NOW, THEREFORE, in consideration of the mutual covenants and undertakings
herein contained, and for other good and valuable consideration, the receipt and
sufficiency of which are hereby acknowledged, the parties hereto hereby agree as
follows:
1. Amendments to Credit Agreement
(a) Section 1.1 of the Credit Agreement. The following defined term
is hereby added to Section 1.1 of the Credit Agreement following the definition
of the term "Currency":
"DC Shoes Acquisition": the acquisition by Quiksilver of DC Shoes,
Inc., a California corporation ("DC Shoes"), pursuant to that
certain Stock Purchase Agreement, dated as of March 8, 2004, by and
among Quiksilver, DC Shoes and the Sellers of DC Shoes, for a
Consideration equal to the sum of (i) approximately US$56,000,000 in
cash, subject to certain adjustments, (ii) approximately 1,600,000
shares of Quiksilver common stock, subject to certain adjustments,
and (iii) possible earnout payments up to US$57,000,000.
(b) Section 5.1(c) of the Credit Agreement. Section 5.1(c) of the
Credit Agreement is hereby amended and restated as follows:
(c) Within 105 days after the end of each fiscal year,
Quiksilver shall deliver to the Lenders its projections with respect
to the financial performance of Quiksilver and its Subsidiaries for
the fiscal year commencing on the immediately preceding November 1.
Such projections shall include quarterly cash-flow forecasts,
quarterly consolidated balance sheets and quarterly
consolidating income statements and shall otherwise be in form and
scope reasonably satisfactory to the Agent.
(c) Section 6.3(b) of the Credit Agreement. Section 6.3(b) of the
Agreement is hereby amended and restated as follows:
(b) Liens existing on any Property (other than trademarks,
copyrights and other intellectual property rights) at the time of
the acquisition of such Property and not created in anticipation of
such acquisition; provided, however, with respect to a Subsidiary,
the stock of which is acquired by one of the Borrowers, the Property
of such Subsidiary shall be deemed to be acquired at the time the
stock of such Subsidiary is acquired by such Borrower;
(d) Section 6.7(d) of the Credit Agreement.
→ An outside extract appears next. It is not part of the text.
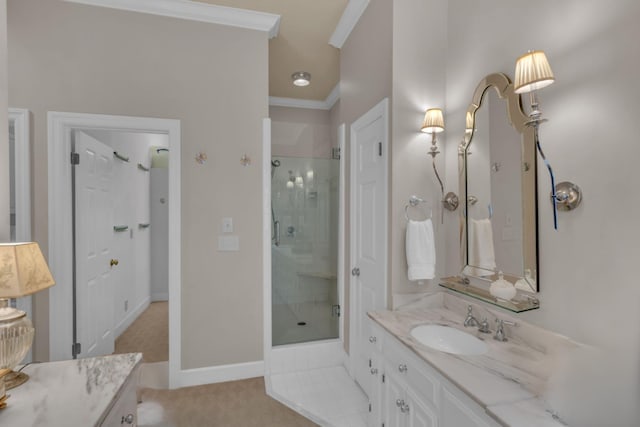 bathroom featuring ornamental molding, a stall shower, and vanity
Section 6.7(d) of the
Credit Agreement is hereby amended and restated as follows:
(d) Acquisitions of Persons or businesses in the same line of
business as that described in Section 3.17, provided that (i) no
Default has occurred and is continuing or would result from the
consummation of such Acquisition (and Quiksilver shall have
delivered to the Agent a Covenant Compliance Certificate showing pro
forma calculations, as of the most recent quarter-end for which a
Covenant Compliance Certificate has been provided by Quiksilver, and
as of each of the three subsequent quarter-ends and on an annual
basis thereafter through the Revolving Loan Commitment Expiration
Date, assuming such Acquisition had been consummated), (ii) the
aggregate Consideration therefor shall not exceed US$25,000,000
annually, and US$50,000,000 in the aggregate, between the Closing
Date and the Maturity Date; provided, however, that the
Consideration set forth in the definition of "DC Shoes Acquisition"
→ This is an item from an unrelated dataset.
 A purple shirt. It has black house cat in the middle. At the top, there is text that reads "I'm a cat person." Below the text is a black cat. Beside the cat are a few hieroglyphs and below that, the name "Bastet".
shall not be considered in this calculation, (iii) the Agent shall
have received, reviewed and approved all documents requested by the
Agent to insure that the Lenders have a first-priority security
interest in, and assignment of, all personal property assets and
interests acquired (excluding intellectual property), to the extent
that a security interest in such assets and interests is required by
the terms of this Agreement, including consents of third parties if
reasonably requested, and (iv) such Acquisition is not opposed by
the Person to be, or whose business is to be, acquired.
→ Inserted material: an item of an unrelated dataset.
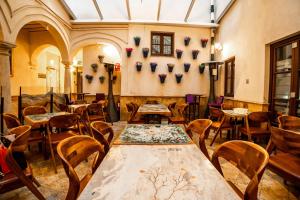 a room with tables and chairs in a building at Anahita Boutique Hotel in Málaga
(e) Schedule 3.19 to the Credit Agreement. Schedule 3.19 to the
Credit Agreement is hereby amended to add DC Shoes as a Material Domestic
Subsidiary.
2
2. Certain Tax Matters Regarding DC Shoes. The Agent and the Lenders
hereby agree that the matters regarding DC Shoes listed in Schedule 3 attached
hereto are exceptions to Section 3.6 of the Credit Agreement, and such matters
shall not constitute a breach thereof.
3. Waiver. To the extent required under the Credit Agreement, if at all,
the Majority Lenders hereby waive compliance by Quiksilver with the requirements
of Section 5.1(c) of the Credit Agreement For the delivery of certain financial
projections for the fiscal year commencing on November 1, 2003.
4. Defined Terms. All capitalized terms used herein, unless otherwise
defined herein, have the same meanings provided herein or in the Credit
Agreement.
5. Modification of Credit Agreement. This Amendment is limited precisely
as written and shall not be deemed to (a) be a consent to a waiver or
modification of any other term or condition of the Credit Agreement, the other
Loan Documents or any of the documents referred to therein or executed in
connection therewith except as provided in Sections 1,2 and 3 hereof or (b)
prejudice any right or rights the Lenders may now have or may have in the future
under or in connection with the Credit Agreement, the other Loan Documents or
any documents referred to therein or executed in connection therewith.
6. Construction. This Amendment is a document executed pursuant to the
Credit Agreement and shall (unless otherwise expressly indicated therein) be
construed, administered or applied in accordance with the terms and provisions
thereof. Whenever the Credit Agreement is referred to in the Credit Agreement or
any of the instruments, agreements or other documents or papers executed and
delivered in connection therewith, it shall be deemed to mean the Credit
Agreement, as modified by this Amendment.
7. Counterparts. This Amendment may be executed by the parties hereto in
several counterparts, each of which shall be deemed to be an original and all of
which shall constitute together but one and the same agreement. The parties may
execute facsimile copies of this Amendment and the facsimile signature of any
such party shall be deemed an original and fully binding on said party.
8. Governing Law. This Amendment shall be governed and construed in
accordance with the applicable terms and provisions of Section 9.11 (Governing
Law) of the Credit Agreement, which terms and provisions are incorporated herein
by reference.
9. Amendment Not a Novation. Except as hereby amended, no other term,
condition or provision of the Credit Agreement shall be deemed modified or
amended, and this Amendment shall not be considered a novation.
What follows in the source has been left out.